Mężczyzna był przekonany, że otrzymał maila systemowego z portalu ogłoszeniowego. Z przesłanej informacji wynikało, że wystawiony przez niego przedmiot został zakupiony i należy potwierdzić sprzedaż, w celu odbioru środków. Mail zawierał również dane osoby kupującej. Niestety szata graficzna była łudząco podobna do tej oryginalnej co zmyliło mężczyznę.
- Po kliknięciu w przycisk o nazwie „przejdź do potwierdzenia”, otworzyła się strona internetowa z wyborem banku. Gdy wybrał swój, na monitorze pojawił się napis, że za chwilę skontaktuje się z nim pracownik banku. I rzeczywiście po pewnym czasie odebrał telefon od osoby podającej się za pracownika. Kobieta twierdziła, że w celu odbioru środków niezbędna jest autoryzacja, w celu połączenia konta bankowego mężczyzny z kontem na portalu ogłoszeniowym.

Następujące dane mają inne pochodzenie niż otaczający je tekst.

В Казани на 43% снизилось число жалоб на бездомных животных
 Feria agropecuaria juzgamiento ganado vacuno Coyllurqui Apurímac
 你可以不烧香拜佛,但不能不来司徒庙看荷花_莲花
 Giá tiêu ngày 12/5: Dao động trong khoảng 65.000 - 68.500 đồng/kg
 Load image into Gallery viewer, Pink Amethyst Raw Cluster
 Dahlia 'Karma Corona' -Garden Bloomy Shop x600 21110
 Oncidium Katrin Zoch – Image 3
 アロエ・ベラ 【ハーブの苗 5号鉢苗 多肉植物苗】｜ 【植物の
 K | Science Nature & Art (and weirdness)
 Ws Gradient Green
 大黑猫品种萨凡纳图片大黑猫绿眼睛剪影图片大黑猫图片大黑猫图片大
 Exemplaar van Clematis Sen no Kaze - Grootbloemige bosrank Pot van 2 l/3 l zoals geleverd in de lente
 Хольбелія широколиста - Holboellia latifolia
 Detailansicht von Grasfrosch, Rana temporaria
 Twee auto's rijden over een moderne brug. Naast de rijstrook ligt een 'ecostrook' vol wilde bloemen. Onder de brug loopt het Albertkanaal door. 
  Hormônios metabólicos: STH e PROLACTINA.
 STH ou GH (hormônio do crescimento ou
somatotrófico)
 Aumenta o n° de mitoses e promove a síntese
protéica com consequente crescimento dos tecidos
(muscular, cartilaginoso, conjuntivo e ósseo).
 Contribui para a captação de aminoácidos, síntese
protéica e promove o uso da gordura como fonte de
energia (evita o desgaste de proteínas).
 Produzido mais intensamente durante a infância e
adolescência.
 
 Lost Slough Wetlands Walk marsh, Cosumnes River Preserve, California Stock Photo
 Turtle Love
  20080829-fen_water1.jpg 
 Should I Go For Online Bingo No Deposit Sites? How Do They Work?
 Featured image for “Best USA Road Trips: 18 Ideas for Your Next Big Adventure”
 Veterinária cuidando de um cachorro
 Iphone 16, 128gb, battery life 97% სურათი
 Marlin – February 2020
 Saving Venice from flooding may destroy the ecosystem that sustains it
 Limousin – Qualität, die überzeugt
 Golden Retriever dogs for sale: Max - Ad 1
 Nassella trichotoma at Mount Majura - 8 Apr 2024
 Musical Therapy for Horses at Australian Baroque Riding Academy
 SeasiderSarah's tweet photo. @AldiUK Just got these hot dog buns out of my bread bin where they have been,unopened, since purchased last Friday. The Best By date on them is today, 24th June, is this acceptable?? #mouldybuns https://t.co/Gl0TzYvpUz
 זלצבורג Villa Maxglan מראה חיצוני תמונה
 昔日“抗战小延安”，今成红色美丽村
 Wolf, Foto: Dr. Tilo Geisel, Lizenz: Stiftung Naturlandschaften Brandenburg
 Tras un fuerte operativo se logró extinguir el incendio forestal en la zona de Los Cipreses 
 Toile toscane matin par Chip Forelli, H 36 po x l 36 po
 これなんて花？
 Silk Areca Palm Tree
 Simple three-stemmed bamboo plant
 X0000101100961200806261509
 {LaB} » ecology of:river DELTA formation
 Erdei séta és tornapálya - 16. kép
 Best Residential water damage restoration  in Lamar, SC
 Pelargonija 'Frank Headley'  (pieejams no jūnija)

Dodała, że autoryzacja będzie się odbywać poprzez przekazanie kodów BLIK. Niestety pokrzywdzony postąpił zgodnie z instrukcjami i wygenerował kolejno 5 kodów. Zatwierdził też operacje wykonane za ich pomocą - informuje oficer prasowy bialskiej policji, nadkom. Barbara Salczyńska-Pyrchla.
Rzekoma konsultantka tłumaczyła, że na koncie mężczyzny trzeba zablokować środki pieniężne, z których będzie można kupować i płacić za zakupy na portalu ogłoszeniowym. Gdy w trakcie trwania rozmowy poprosiła go o 5 kolejnych kodów, by odblokować zablokowane przed chwilę środki zrozumiał, że padł ofiarą oszustów. Zakończył rozmowę, a sprawę zgłosił na policję. Stracił niemal 17,5 tys. zł. Teraz oszustów szukają policjanci.